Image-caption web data
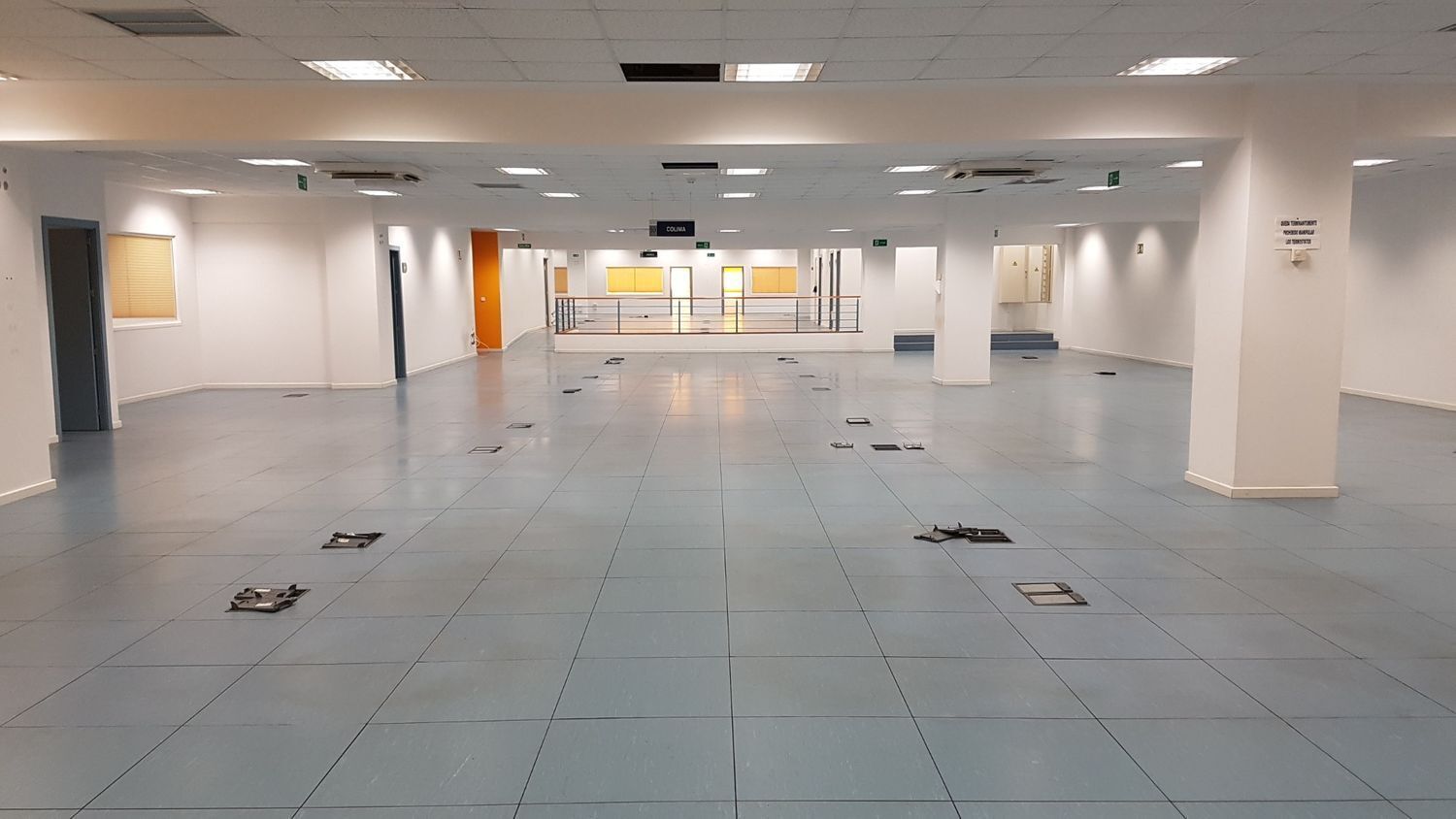 Office in SEVILLA for lease Building Photo- Image 1 of 11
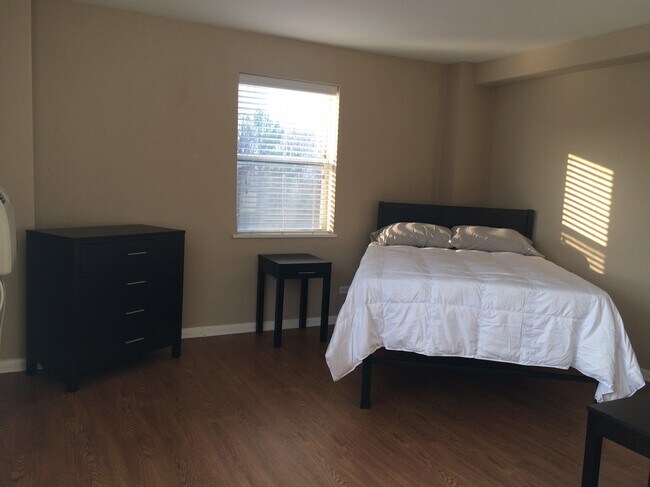 Building Photo - 2255 Highland Ave S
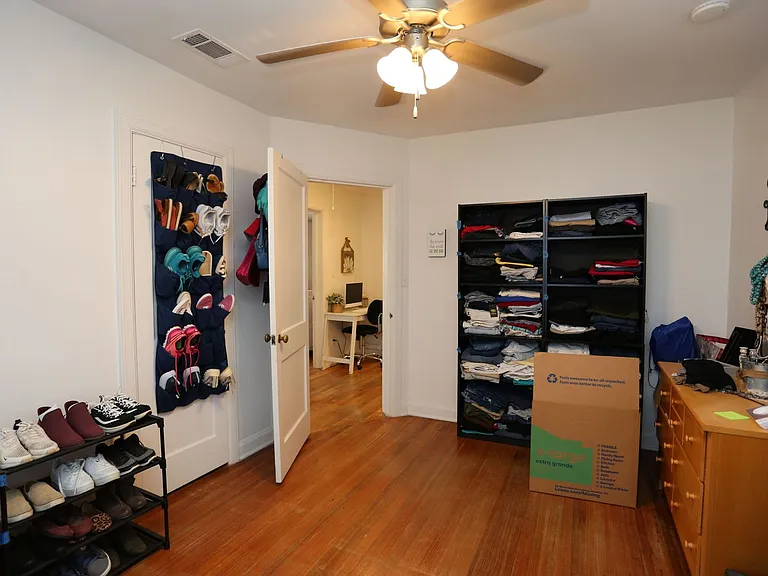206 E Grady St — Photo 14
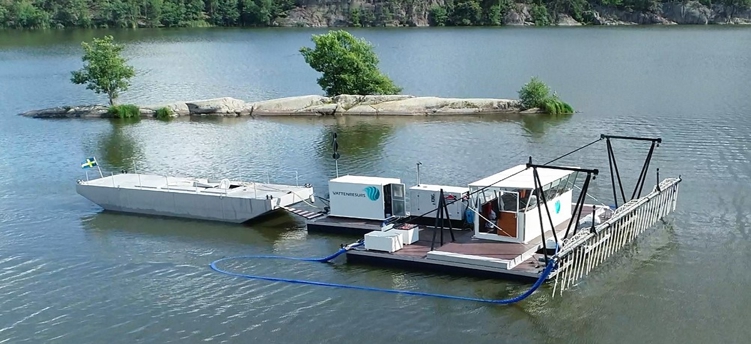 Båten som används för utläggning av aluminium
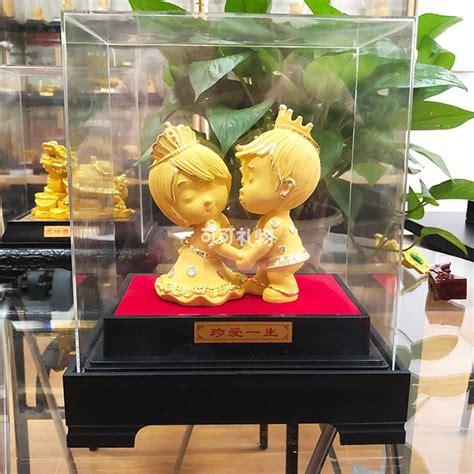 出嫁前送什么礼物最新素材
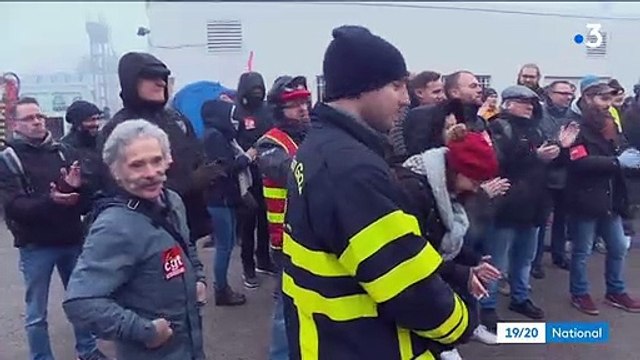 On veut organiser à la SNCF la plus grosse grève du XXIe siècle affirment les syndicalistes face aux cheminots en grève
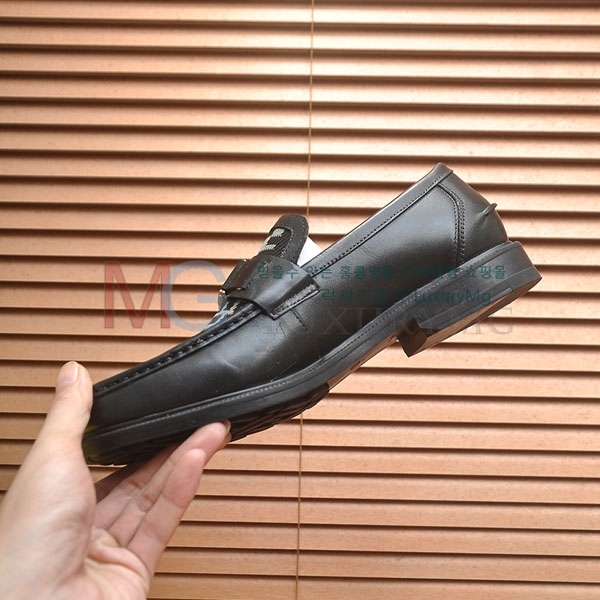 ���� ��� ���� F2599980-1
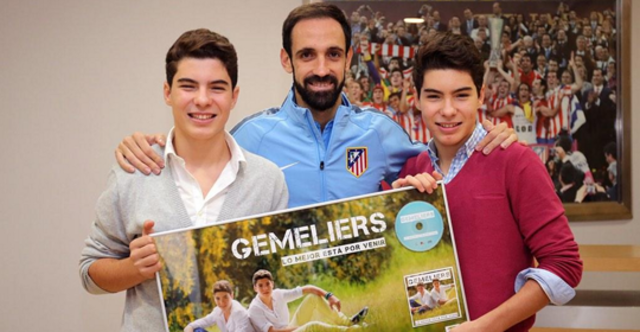 Golden disc in Lo Mejor esta por venir.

Exercise brief: Repeat the data exactly, dropping every picture it holds.

Task output:
 Office in SEVILLA for lease Building Photo- Image 1 of 11
 Building Photo - 2255 Highland Ave S
206 E Grady St — Photo 14
 Båten som används för utläggning av aluminium
 出嫁前送什么礼物最新素材
 On veut organiser à la SNCF la plus grosse grève du XXIe siècle affirment les syndicalistes face aux cheminots en grève
 ���� ��� ���� F2599980-1
 Golden disc in Lo Mejor esta por venir.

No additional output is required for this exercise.